Trust leaders seek to combat ‘tough place to come’ to work reputation
Leaders of an acute trust have said they have had to battle a perception from doctors that it is ‘a tough place to come’ to, while also trying to negate the reputation of the town it operates in.
Speaking at a board meeting in March, The Rotherham Foundation Trust’s guardian of safe working, Gerry Lynch, said: “I think there is a perception that Rotherham is a tough place to come, both from the consultant point of view and from the trainee point of view.”
In an interview with HSJ since the meeting, Dr Lynch said the comment had been “to some degree, historic”, adding: “It’s not a secret. I think that Rotherham has, in the past, sometimes struggled to attract to substantive posts in the way it would like.”
In the General Medical Council’s annual survey of trainee doctors in 2021, the trust had the third worst score of the 13 acute providers in Yorkshire and Humber for “overall satisfaction”.
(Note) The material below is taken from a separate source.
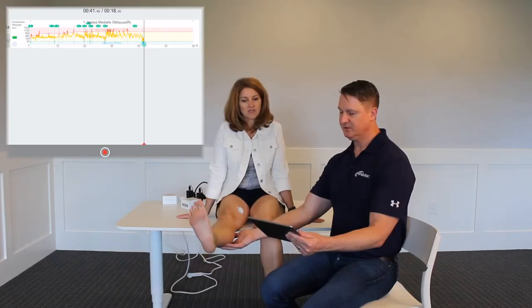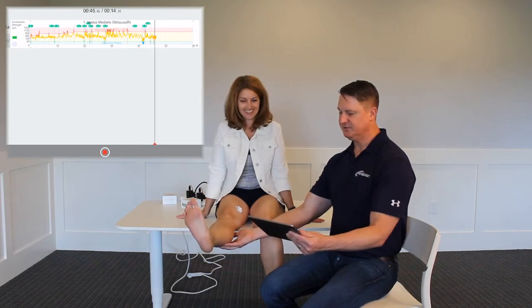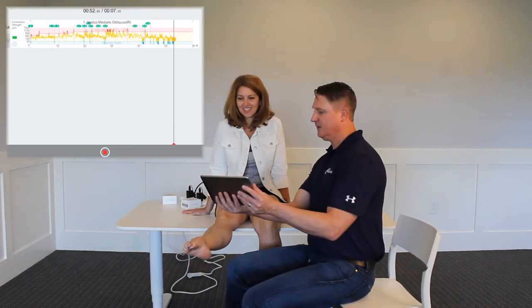We've got 20 more seconds. Take a break — great. Now flex the foot again and really squeeze the vastus medialis. Great — you can see that feedback.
Meanwhile, the trust’s medical director, Callum Gardner, said the trust had also suffered from the child sexual abuse scandals in Rotherham, which had tarnished the town’s reputation.
Rotherham was at the centre of a high-profile care scandal that saw an estimated 1,400 children sexually abused over 16 years. A 2014 independent inquiry found evidence of “blatant” failures at the local authority and criticised the police for failing to act on credible reports of abuse.
Dr Gardner said: “Rotherham as a whole has had a battering and bruising over the years with child sexual abuse and all these horrific things that have gone in the past that have affected the reputation of Rotherham – and the trust is part of that.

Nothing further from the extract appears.